4. Perspectivas e Soluções para o superendividamento.
O consumidor superendividado brasileiro, ao contrário do francês que desde 1989 tem uma regulamentação específica não é tratado legalmente de forma direta. Todavia, o Código do Consumidor, se bem compreendido e aplicado é hábil a tratar do problema.
4.1 Legislação.
4.1.1 O Código de Proteção e Defesa do Consumidor.
O Código Brasileiro de Proteção e Defesa do Consumidor – CDC visa o equilíbrio para a relação de consumo e deixa isto muito claro principalmente no seu artigo 1 e artigo 4, caput e III. Entretanto o nosso código do consumidor embora tenha por principio "o estudo constante das modificações do mercado de consumo" e tenha um artigo (o 52) exclusivamente para contratos de crédito bem como garanta a modificação e revisão de cláusulas contratuais, não trata explicitamente do superendividamento. Tem, todavia, como princípio, o equilíbrio e a boa fé das relações de consumo.
Situações de mau uso do instituto têm comprometido a sua credibilidade: é preciso muita responsabilidade no exercício da tese do superendividamento para que não se confunda o resgate do equilíbrio de uma relação com a proteção demasiada do inadimplente, com estímulo ao endividamento.

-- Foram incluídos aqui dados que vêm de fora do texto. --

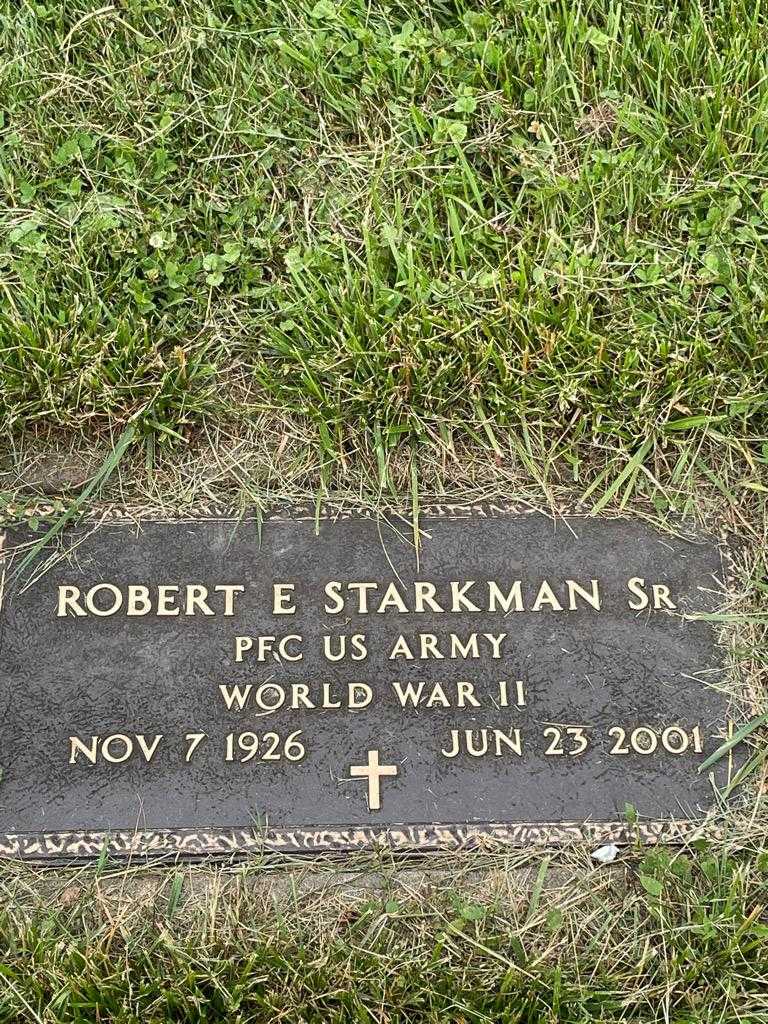 Robert E. Starkman Senior's grave. Photo 3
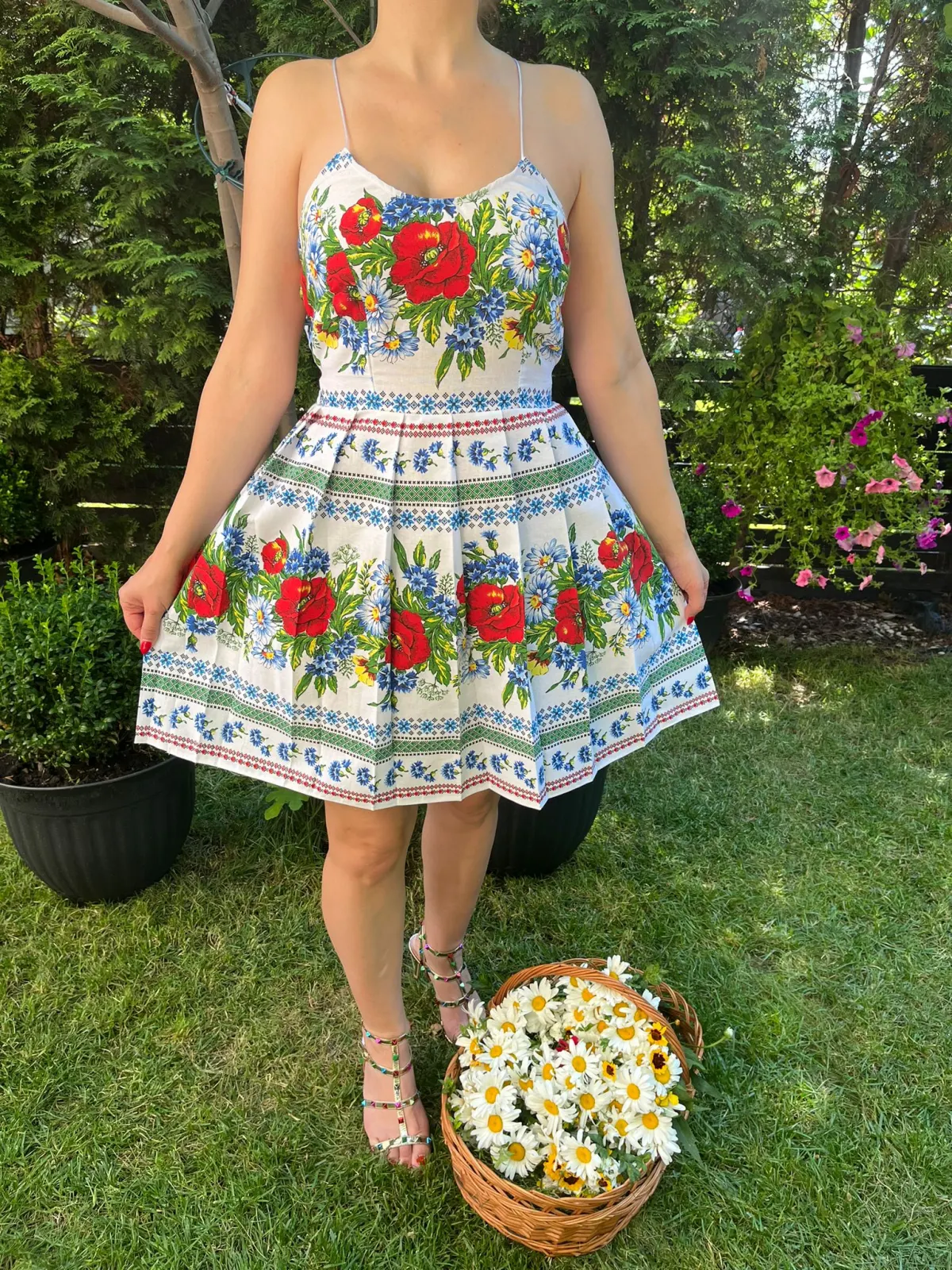 Rochie traditionala pliuri Iasmina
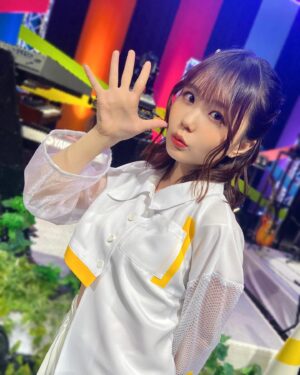 Nene Hieda Instagram - 👩‍🔬❤️‍🔥

激アツなツアーの幕開け！！
愛知ちょーちょーありがとう！！🫶

過去最大曲数、まじですごいことになってるので
兵庫&東京もお楽しみに❤️‍🔥

新衣装も可愛すぎなのよん(⁎⁍̴̛ᴗ⁍̴̛⁎)💛

#ダイアローグ #ライブ衣装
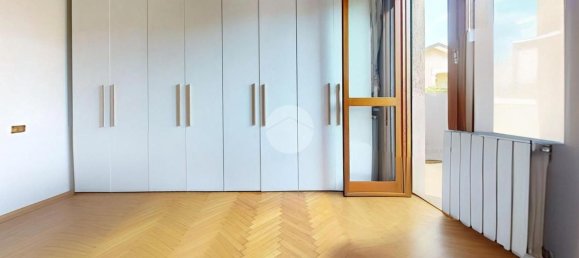 Apartamento de 4 dormitorios en Seregno, Italy No. 378453 42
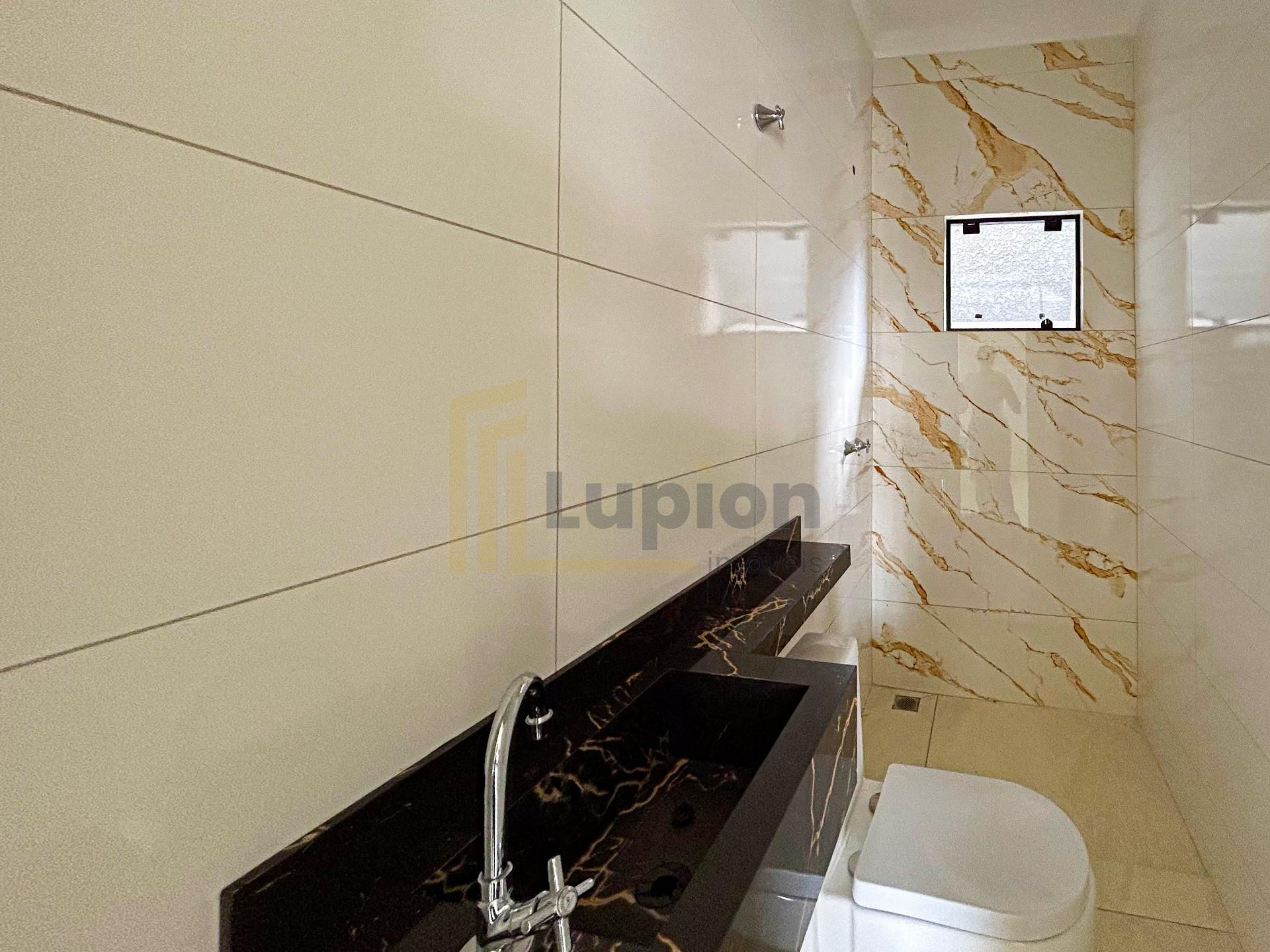 Sobrado 3 quartos com suite no Centro de Fazenda Rio Grande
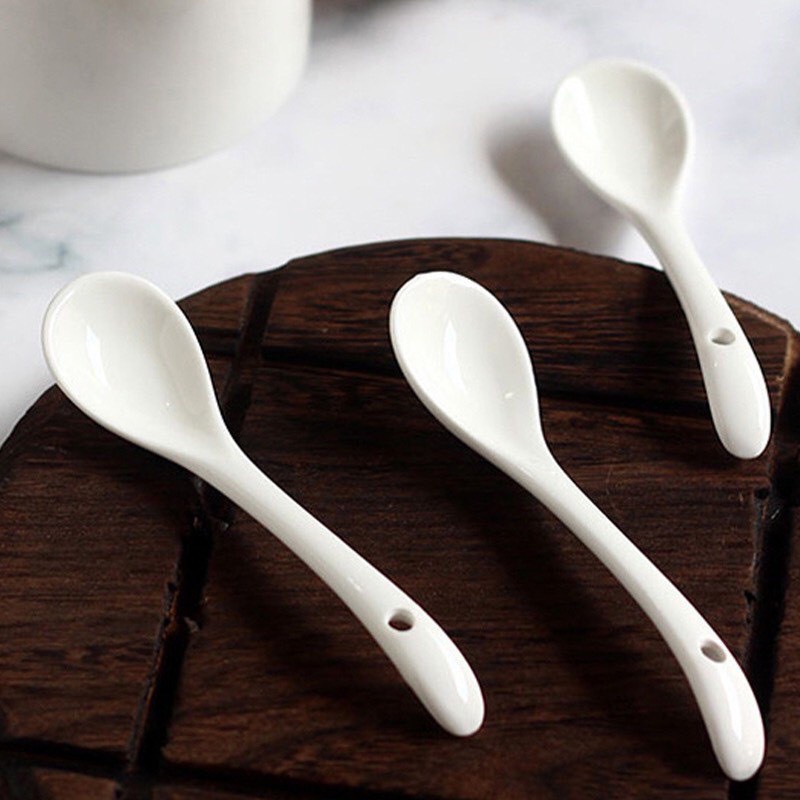 Thìa Sứ Trắng Cán Dài Cao Cấp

O inciso II do art. 6º do CDC tem grande importância para a prevenção do superendividamento, pois é a educação e divulgação sobre o consumo adequado, com edição de cartilhas, pesquisas de mercado e debates para alertar os consumidores com relação a produtos mais baratos, que garante a liberdade de escolha e a igualdade nas contratações, para que o consumidor não assuma o contrato de crédito sem antes, refletir a sua possibilidade financeira e as condições contratuais. A responsabilização (civil, penal e administrativa) do mau fornecedor de crédito é imprescindível.
O tratamento do superendividamento no Brasil é possível e necessário para que o consumidor – devedor volte a ter dignidade e não seja condenado pelo resto da sua vida como um mau pagador, porque se os consumidores agiram de boa-fé e estão com acúmulos de dívidas são merecedores de uma chance para poder se refazer financeiramente.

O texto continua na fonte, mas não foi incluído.